PayPal itself, the Central Bank of Sri Lanka and Cabinet have not separately announced a launch date or commercial terms. Past PayPal-Sri Lanka launch reports have come and gone without delivery, so the absence of corporate or regulatory confirmation of an exact rollout date remains a notable caveat.
If the launch proceeds, it would mark one of the most significant changes to Sri Lanka’s cross-border retail payment landscape since LankaQR’s interoperable rollout. The Central Bank has been pushing digital payment adoption as part of a broader push to draw remittance and freelance earnings through formal channels, and the easing rupee outlook in recent weeks has reopened space for inbound foreign-exchange platforms.
PayPal moved closer to a Friday launch on Thursday by listing three local financial institutions under a newly added “Partner Banks in Sri Lanka” section on its website, Newswire reported. The page names Sampath Bank, Commercial Bank of Ceylon and Bank of Ceylon, with users able to either create a new PayPal account or link an existing account to their bank to receive and withdraw funds.
The launch was formally announced on Friday at a Galle Face Hotel event attended by Prime Minister Dr. Harini Amarasuriya, with services rolling out initially through Bank of Ceylon, Commercial Bank of Ceylon and Sampath Bank, Daily FT reported. Additional banks are expected to join the platform in the coming months. The President’s Office said it had engaged directly with PayPal representatives in India to deliver the launch, ending more than a decade of stalled discussions.

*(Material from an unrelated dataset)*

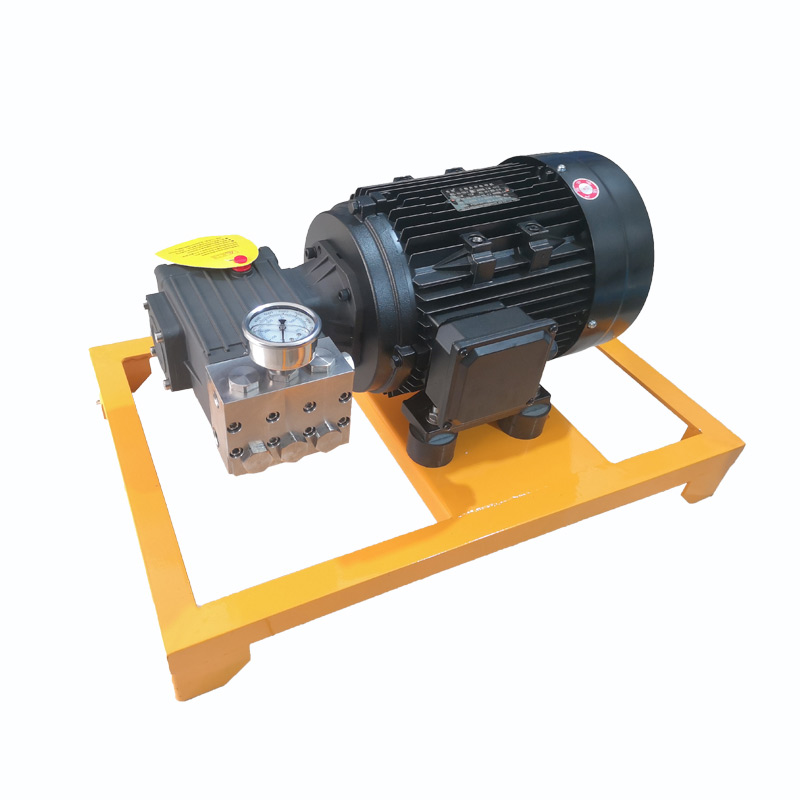 肯迪機械洗消中心在烏蘇虹亞成功搭建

Digital Economy Deputy Minister Eng. Eranga Weeraratne said Sri Lanka’s digital exports currently amount to around US$1.5 billion, with a substantial shadow industry having developed because of difficulties receiving international payments through formal channels. Central Bank Governor Nandalal Weerasinghe said the platform would encourage foreign exchange inflows through regulated financial systems and strengthen Sri Lanka’s integration into global digital and knowledge-based markets. The banking sector welcomed the move, framing PayPal as a boost for digital workers and formal foreign-exchange inflows.